#### [MATERIALS PROVIDED]
################

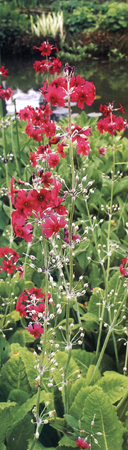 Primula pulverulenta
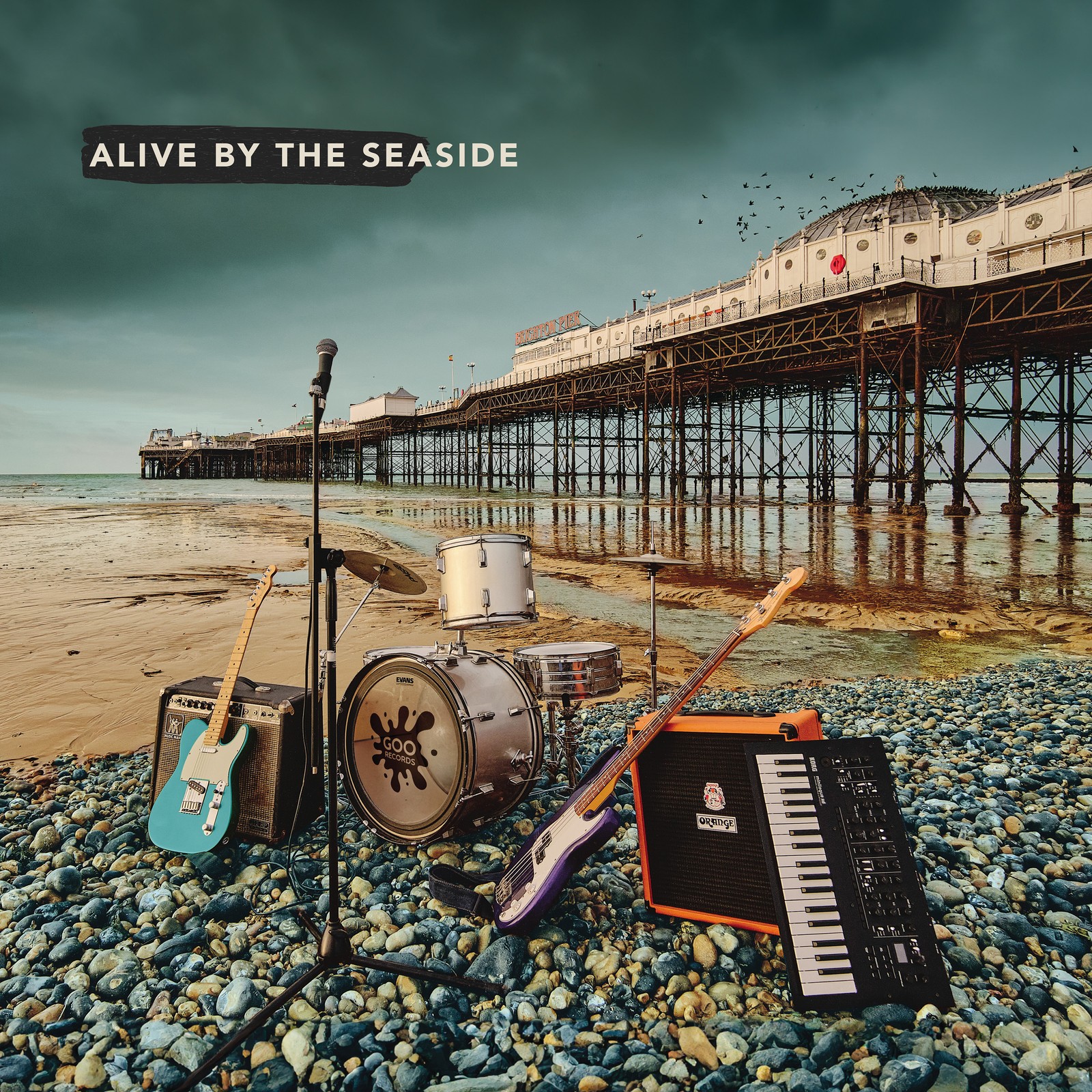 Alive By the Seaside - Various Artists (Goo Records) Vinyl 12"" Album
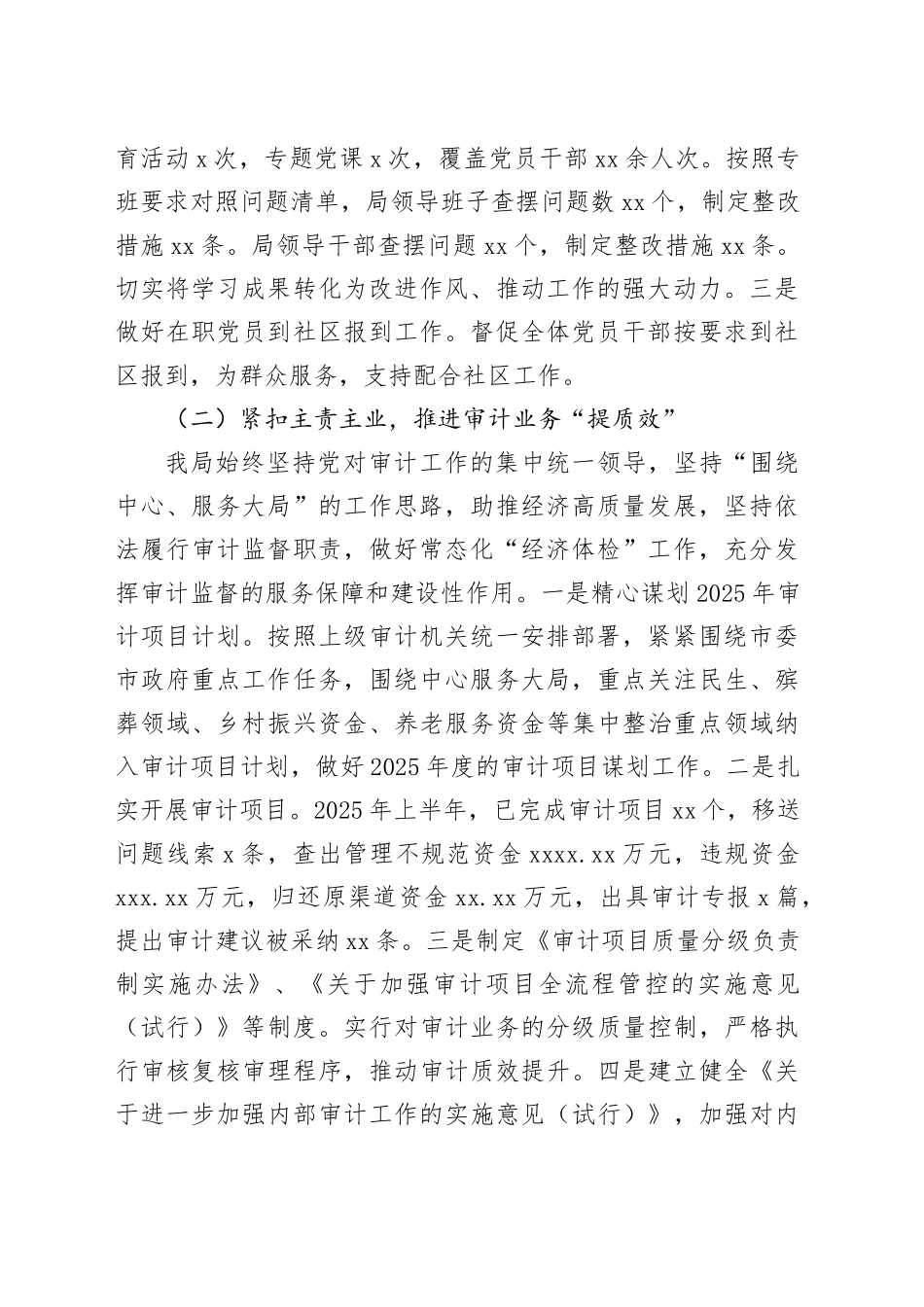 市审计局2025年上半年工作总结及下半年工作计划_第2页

################

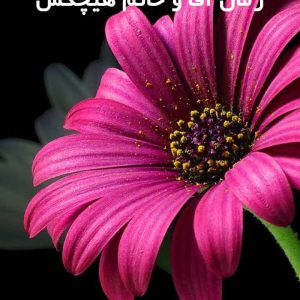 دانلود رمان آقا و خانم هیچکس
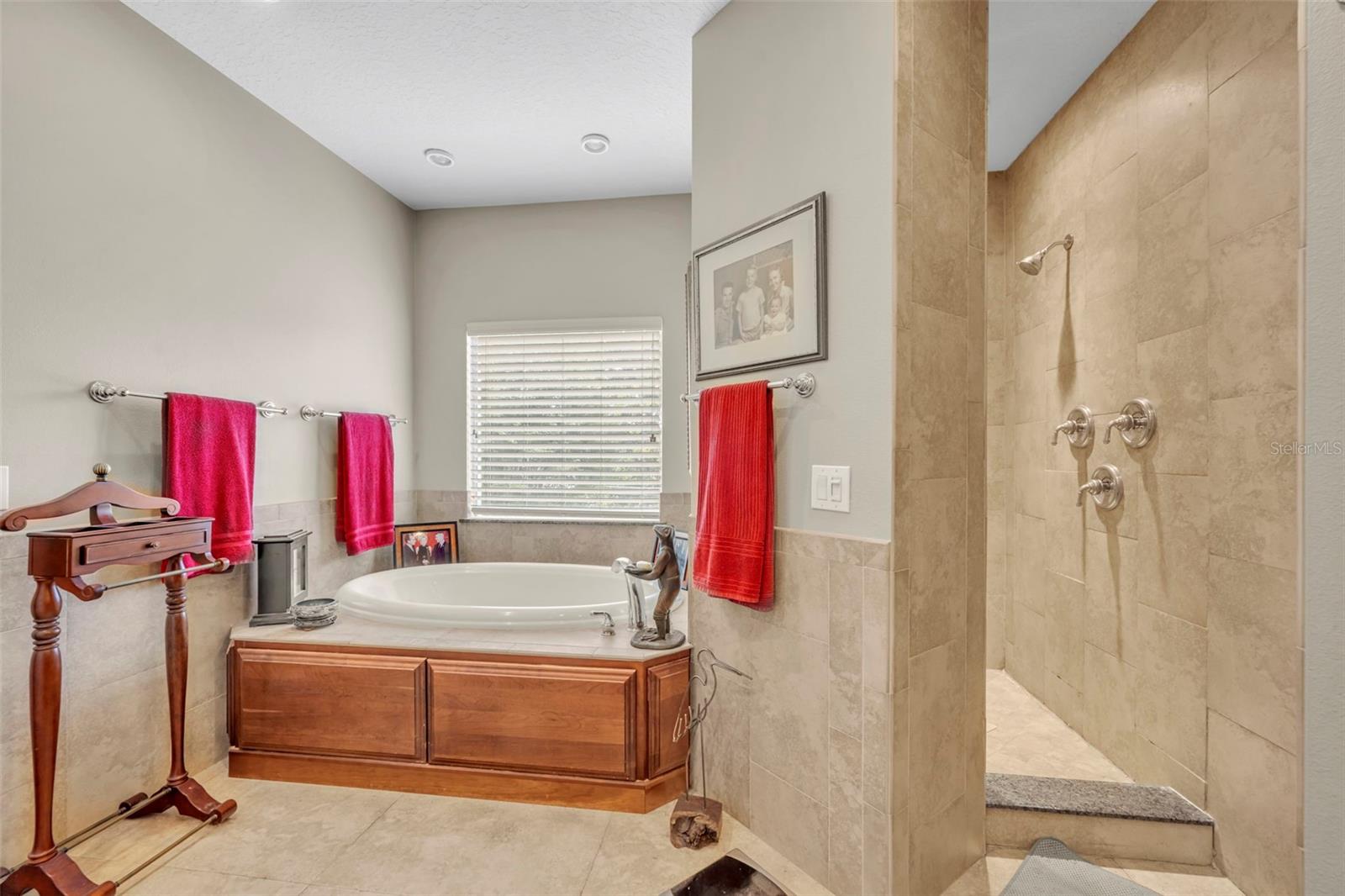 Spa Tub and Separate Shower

################

#### [INSTRUCTIONS FOR THE TASK]
Given the listing above, retype only the span of lines from the line with "Alive By the" up to and including the line with "市审计局2025年上半年工作总结及下半年工作计划_第2页", exactly as it stands and without pictures.

#### [OUTPUT OF THE EXERCISE]
 Alive By the Seaside - Various Artists (Goo Records) Vinyl 12"" Album
 市审计局2025年上半年工作总结及下半年工作计划_第2页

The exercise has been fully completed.